工場でのCOVID-19の発生によって引き起こされた最近の騒動は、iPhoneの生産が将来的に他の場所に移される可能性があるという懸念を引き起こしています. 香港の新聞、サウス チャイナ モーニング ポストは土曜日に、iPhone の総生産に占めるインドのシェアが、現在の 5% 未満から 2027 年までに 50% に増加すると予想されていると報じました。
COVIDゼロ政策の終焉
人件費の上昇とストライキの増加の中で、ここ 10 年ほどで中国から製造業が大きくシフトしています。 こうした動きは、2017 年から 2021 年にかけてドナルド・トランプ大統領が率いる米国政権下で中国からのデカップリングが進み、中国製品に高い関税が課せられたことでさらに加速した。

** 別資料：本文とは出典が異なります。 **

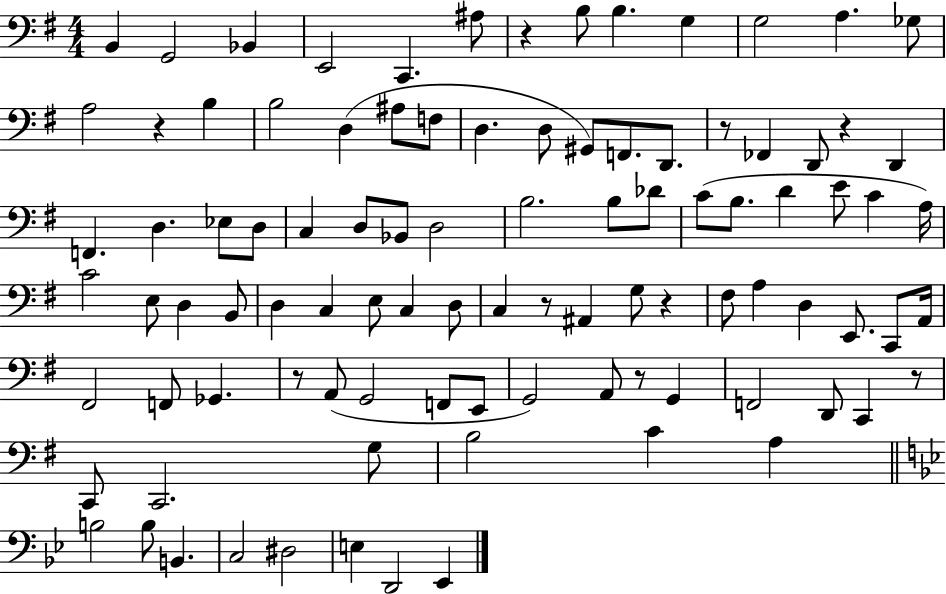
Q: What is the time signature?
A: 4/4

また、近年は中国政府による外資系企業への技術移転要請や、新型コロナウイルスの感染を徹底的に封じ込めるための強引なゼロコロナ政策も、撤退の大きな要因となっています。
政府は昨年12月、工場の安定稼働を重視する外国企業の要望に応え、新型コロナウイルスゼロ政策の解除を決定した。 しかし、この変化は突然だったため、エコノミストは、習近平政権の政策変更に関する不確実性に伴うリスクを再確認したものと認識していました。
インドの温かい歓迎
ダイキン工業は昨年9月、中国で生産量の多いレアアースを使わないモーターを開発し、将来的には同社が生産するエアコンの半分にレアアースを使わないモーターを使うことを決めた。
帝国データバンクによると、昨年6月時点で中国に進出している日系企業は1万2706社で、過去2年間で940社減少し、ピークだった2012年からは約1700社減少。
韓国のSamsung Electronics Co.は、2019年と2020年にスマートフォンとPCの生産をベトナムに移しました。
こうした状況を好機ととらえ、インドは政府主導で外国企業を積極的に誘致するプログラムを開始した。 これによりさらに多くの雇用が創出されるため、インド政府は、iPhoneの生産移管のために工場を建設した台湾の大手企業に総額1,000億円レベルの補助金を提供します。